As we've harnessed readers' energy for resistance this summer, we’ve given seven actions you can take towards combating hate, protecting the environment, supporting green businesses, and holding corporations responsible. This week, we're giving you seven actions to support DREAMers and the continuance of the DACA program. Some of these actions will be harder or more time consuming than others, but we think if you’re able to take action every day, or even a few days a week, you’ll know you’ve made an impact.
We’re moving forward, with or without Washington. Will you join us?
Day 1: Call and write Congress. The ACLU has created a tool to send letters to senators and House representatives about why they should sponsor and pass the bipartisan DREAM Act of 2017, which will provide uninterrupted protection for DREAMers and provide qualified undocumented immigrants who came to the U.S. before the age of 16 a pathway to citizenship.
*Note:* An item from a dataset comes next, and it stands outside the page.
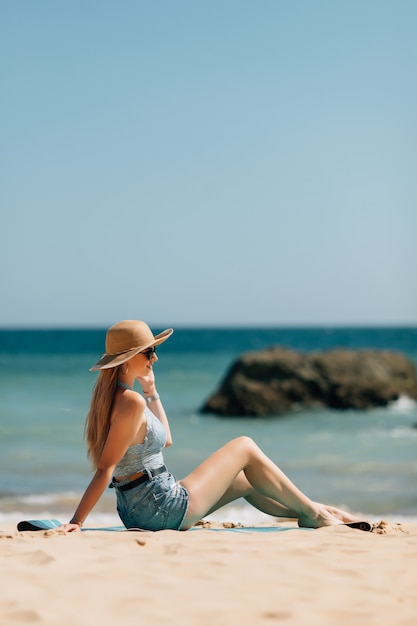 Junge Frau, die am Meeresstrand sitzt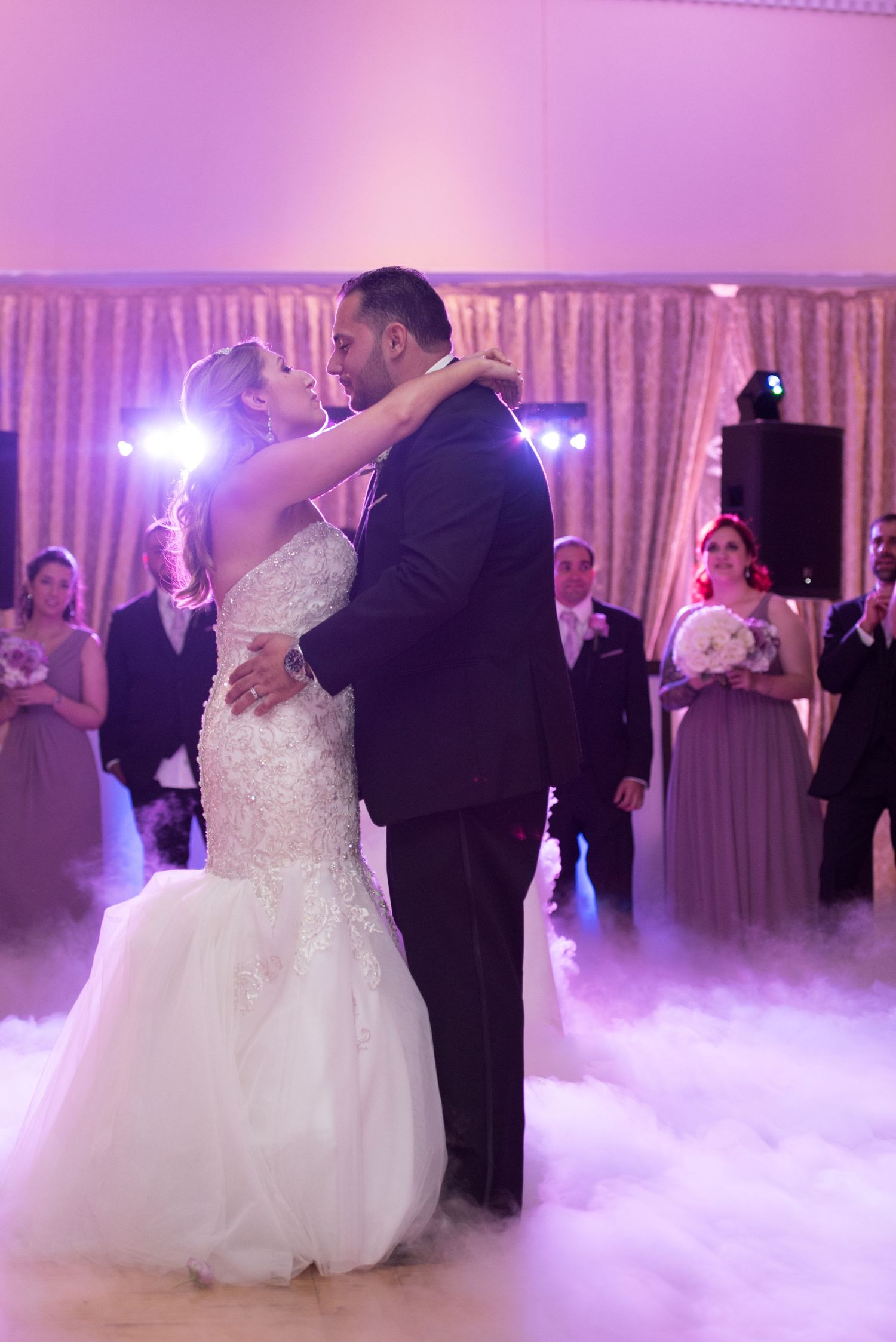 Newlyweds share their first dance surrounded by fog effects and purple lighting at their wedding reception.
You can also use the script on that tool when you call your senators or representative.
Day 2: Be vigilant of fake news and spread truth. Some anti-immigrant activists use the same imagery and language from pro-immigrant organizations to try to lure undocumented people to ICE to be deported. This is especially true on social media. Organizers and pages you can trust include United We Dream and Undocumedia. If you or someone you know is a DACA recipient, make sure they know the facts about the status of their issuances and work permits.
Day 3: Show up to a rally or protest. Thousands have already shown up to protests of the repeal of DACA in Washington, DC, New York, Los Angeles, and other cities around the country. Look for an event on this locator from We are Here to Stay, or connected to a local immigrants' rights group, school, or union.
Day 4: Advocate for sanctuary status. Find out who runs your town or city—a mayor, board of selectmen, or other municipal leadership. Ask them to support making your community a sanctuary city or town, which means local police forces won't cooperate with ICE if there is a raid to deport undocumented people. If you work at or attend a university, write to or call your university president to ask that the campus be made a sanctuary.
Day 5: Give what you can. Donate to an organization working to protect and defend immigrants and immigrant children in the US. The National Immigration Law Center and United We Dream are some such organizations.
Day 6: Educate yourself. US immigrants, documented and undocumented, are the biggest targets of unscrupulous employers who subject them to sweatshop conditions. These employers prey on immigrants’ fear of deportation or their emerging grasp of English to exploit them. Read Green American’s article Fair Labor at Home to find out more about sweatshop and slavery conditions here in the US. Then, reach out to immigrants in your city whom you think may need help.
Day 7: Elevate undocumented voices. Look for stories on Facebook, Twitter, and Instagram that use #DefendDACA and #HereToStay. DREAMers are sharing stories as immigrants and Americans, from what they have gained living in the US to what they have to lose if they were deported. If you want to share a story but you aren't sure if it's for sharing, ask the person first. Many DREAMers call themselves "undocumented and unafraid," but without their permission to share, you could be putting them at an unforeseen risk.